The European Central Bank (ECB) will continue to bend its rules on the geographic allocation of emergency sovereign bond purchases, deviating from its capital key to support nations in financial distress.

“We raise the share of purchases above the capital key in countries facing severe risks of fragmentation,” said ECB governing council member Isabel Schnabel, addressing an online seminar hosted by the Florence School of Banking and Finance.

The ECB has faced questions over the allocation of its Pandemic Emergency Purchase Programme, or PEPP, with northern eurozone members opposed to heavy purchases of bonds issued by more fiscally challenged southern nations, such as Italy and Greece. Purchases under the ECB’s previous quantitative easing programmes have been allocated in accordance with the size of member states’ economies.

But the “flexibility” of the PEPP programme, across a range of financial assets, including commercial paper, has reduced interest rates across the bloc, said Schnable.

“ECB staff estimates show that the dispersion of the impact of PEPP on yields across the euro area countries was indeed substantial,” citing evidence that €500 billion in PEPP purchases packed twice the power as the same-sized investment under the Bank’s existing asset purchase programme.

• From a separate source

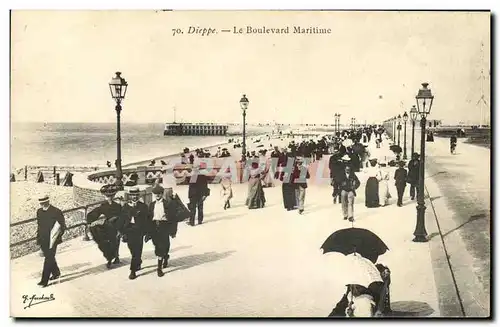 Cartes postales Dieppe Le Boulevard Maritime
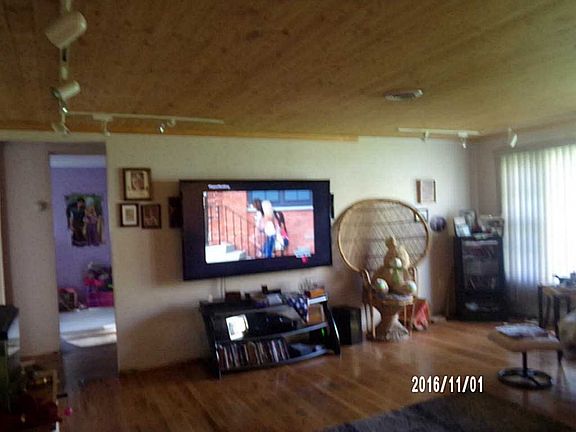 4th image of 1571 Westgate Dr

ECB rate setters have publicly voiced concern over eurozone yield spreads after President Christine Lagarde told reporters in March that the central bank is “not here to close spreads”.  Lagarde’s comments spurred a sharp selloff in Italian government bonds, eliciting a clarification from the then-new ECB leader.

Analysts believe the €1.35 trillion PEPP programme – due to run for at least another 12 months – could be exhausted by February, suggest further increases in months to come, particularly with the ECB lukewarm about the eurozone’s prospects for recovery. Under the ECB’s baseline scenario, growth will contract by 8.7% in 2020, and even a less-severe recession will not return the eurozone economy to its previous growth trajectory by the end of 2020, said Schnabel.

The governing council member also stressed the pandemic could leave permanent scars on the eurozone economy. Many industry sectors will fail to return to their previous size, and unfinished structural reforms in many eurozone nations could prevent the necessary “reallocation of capital and labour” to maximise growth, she said, adding that small business failures “could amplify trends in economic concentration that we have already observed prior to the crisis, particularly in the United States”.